Professorship

My students just gave their final presentations. Their projects are the most important part of this entry, but because of narrative arcs, come last. If you read only one section of this, please read that.

Last summer, I was looking for more paid work. A job posted to some list I’m on, for a Digital Storytelling position at Brown. It didn’t require a degree, surprisingly, and I thought I’d take a shot. I sent some of the digital animation and community work I’m proudest of, and crossed my fingers. They wrote back to tell me it wasn’t exactly digital storytelling, but it was something, and we should chat.

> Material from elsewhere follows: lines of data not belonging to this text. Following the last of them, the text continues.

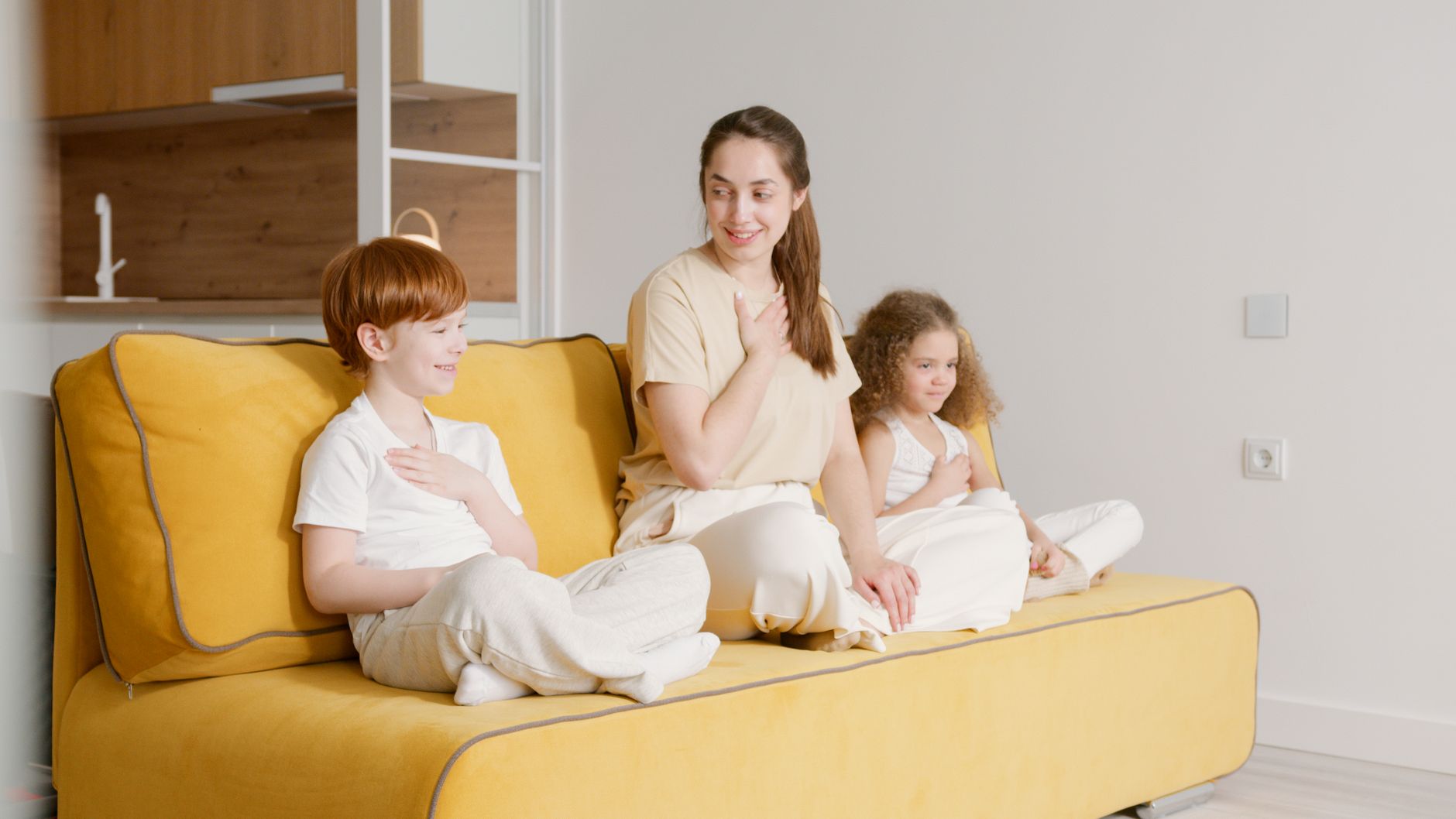 Mẹ hướng dẫn trẻ tập thở nhẹ trên ghế sofa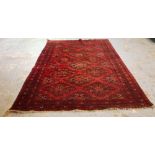 An Afghan carpet, 280cm x 210cm.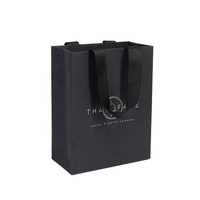 Sac en papier noir enduit de poignées de ruban intégrées avec logo en feuille d'or imprimé de luxe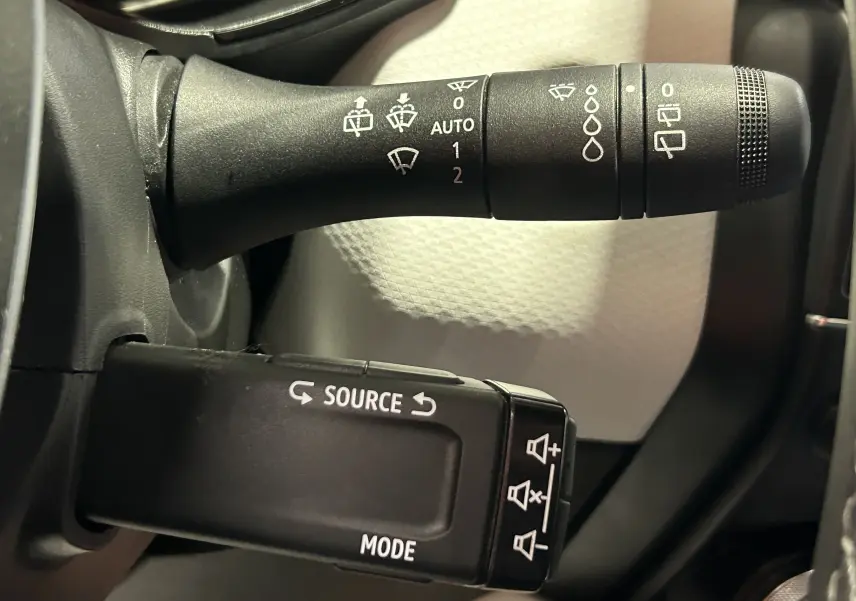 Gros plan sur les commandes au volant de la Renault Clio V TCe 90 Techno 2023, intérieur gris et noir.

And so I embarked on the rather bizarre adventure of creating a syllabus (so many thanks and props to Jo, Debbie, and Susan in this especially), and of planning my life around being in Providence every Thursday. At least. I do, in theory, live t/here. Each week, I would stay until the last second of the Civic lunch talk, endure the anxiety of attempting to catch a very exact train to Providence (and sometimes pay the cost for the Acela which departed slightly later), walk or cab to the Nightingale Brown House, and teach a class.

Here’s a poor audio & visual recording of my intro on the first day of class.

The students’ voices don’t appear in this, just as the hackpad has been made private, based on the privacy preferences of the students.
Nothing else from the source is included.